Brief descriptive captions
--------------------

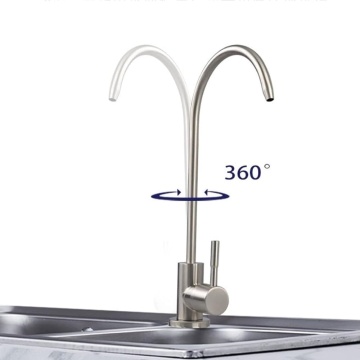 Baterie pentru filtre si purificatoare de apa, QuTek, din inox cu cartus ceramic, conectare rapida de 1/4 - Img 2
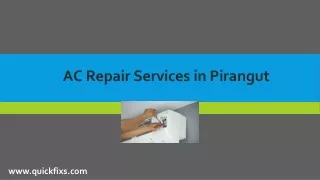 AC Repair services in pirangut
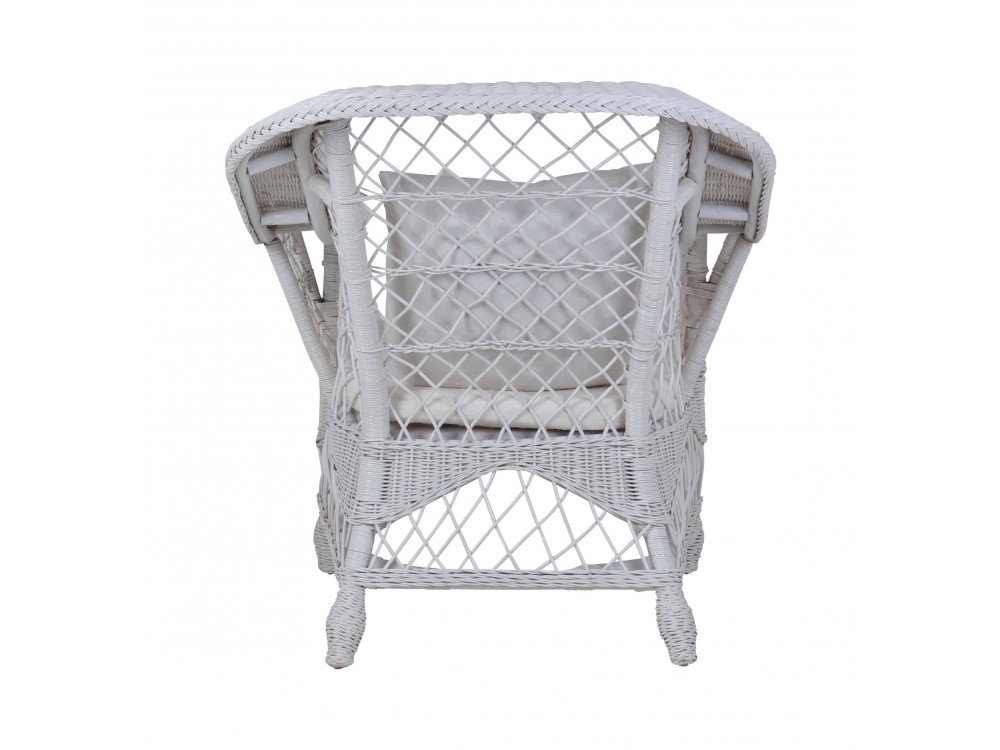 Rattansessel 'Harbor' weiß - 80156 | MiaMöbel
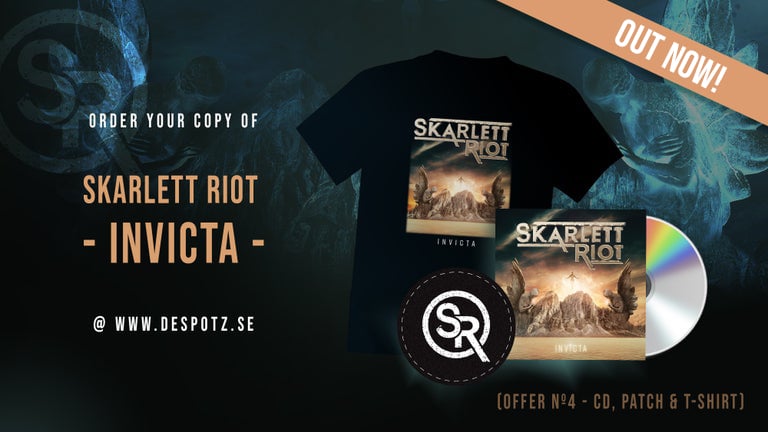 Image of Skarlett Riot - Invicta (T-shirt, CD, Patch)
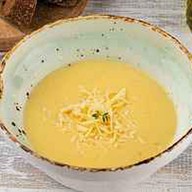 Сырный суп с беконом Фото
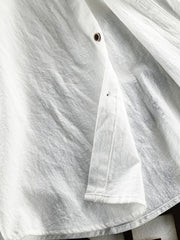 Men's Plus Size Button-Up Long Sleeve Shirt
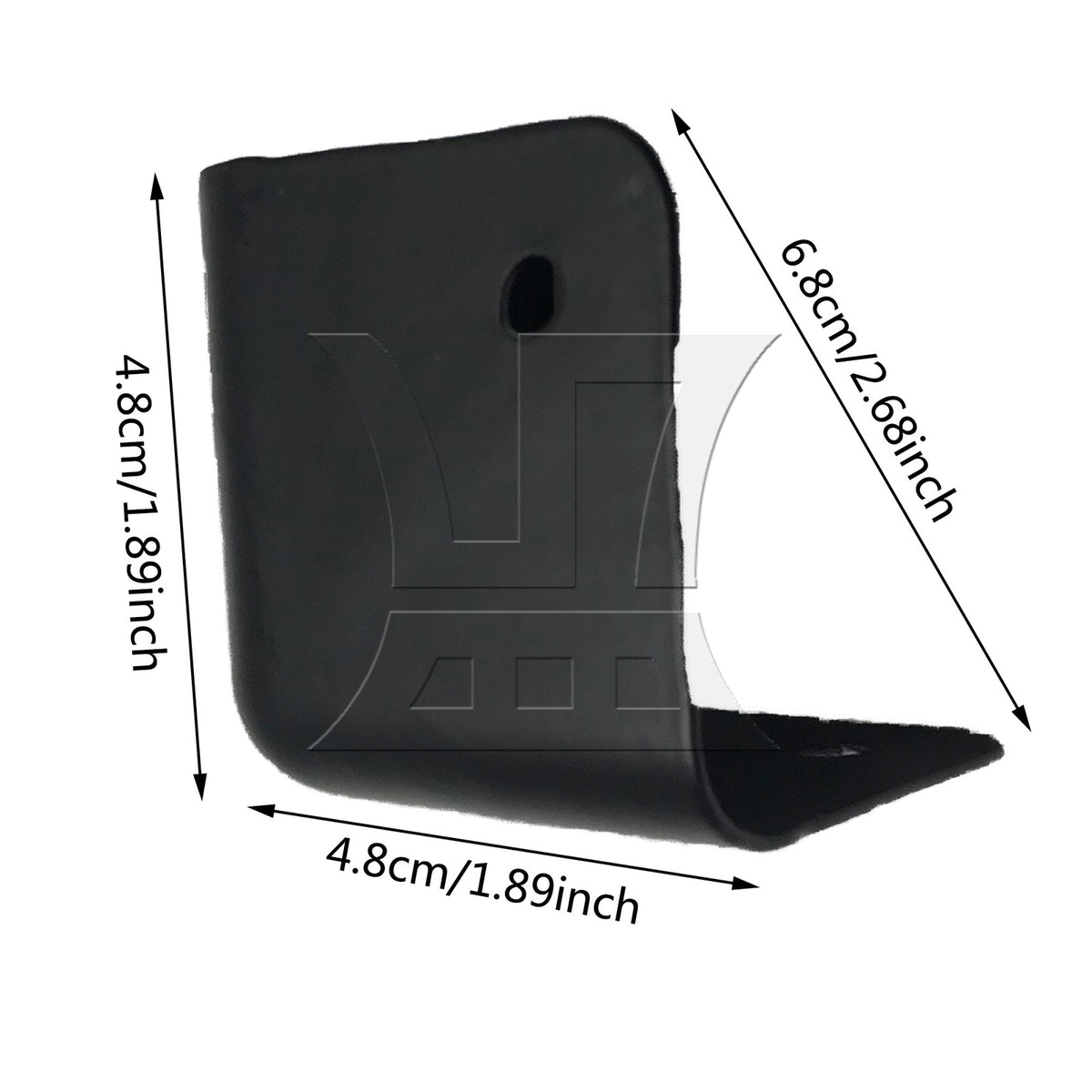 BQLZR 1pc Metal Speaker Edge Corner Black for Wooden Objects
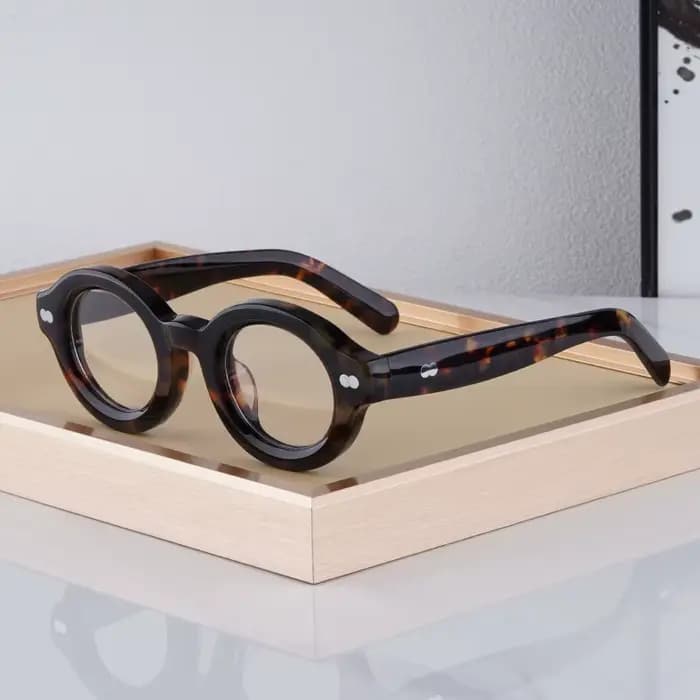 Lunettes tortue en acétate épais de grande taille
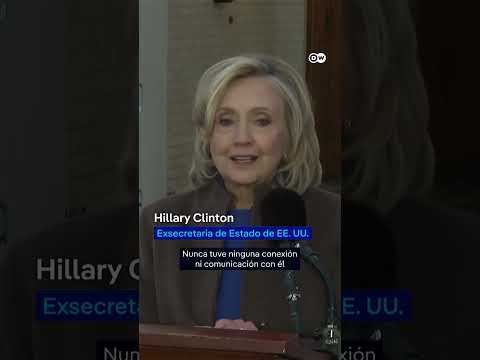 Hillary Clinton testificó por caso Epstein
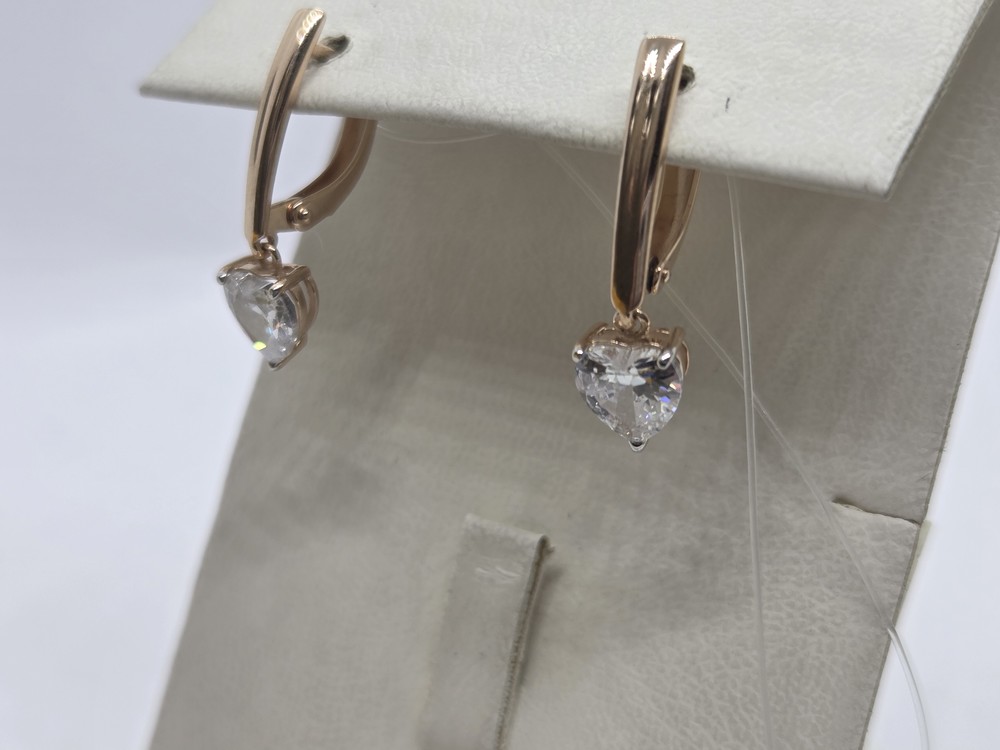 СЕРЬГИ С КАМНЕМ (Au 585)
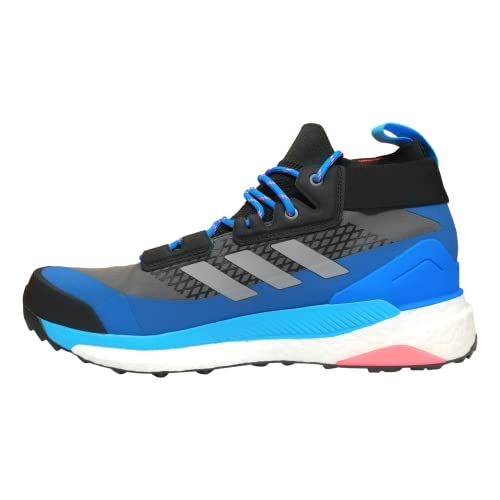adidas Men's Outdoor Terrex Free Hiker GTX Hiking Shoe (Blue/Grey, 10)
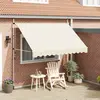 Image de vidaXL Store rétractable manuel 300 cm blanc crème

--------------------

=== What is expected ===
Apart from the pictures, repeat every entry exactly.

=== Answer area ===
 Baterie pentru filtre si purificatoare de apa, QuTek, din inox cu cartus ceramic, conectare rapida de 1/4 - Img 2
 AC Repair services in pirangut
 Rattansessel 'Harbor' weiß - 80156 | MiaMöbel
 Image of Skarlett Riot - Invicta (T-shirt, CD, Patch)
 Сырный суп с беконом Фото
 Men's Plus Size Button-Up Long Sleeve Shirt
 BQLZR 1pc Metal Speaker Edge Corner Black for Wooden Objects
 Lunettes tortue en acétate épais de grande taille
 Hillary Clinton testificó por caso Epstein
 СЕРЬГИ С КАМНЕМ (Au 585)
adidas Men's Outdoor Terrex Free Hiker GTX Hiking Shoe (Blue/Grey, 10)
 Image de vidaXL Store rétractable manuel 300 cm blanc crème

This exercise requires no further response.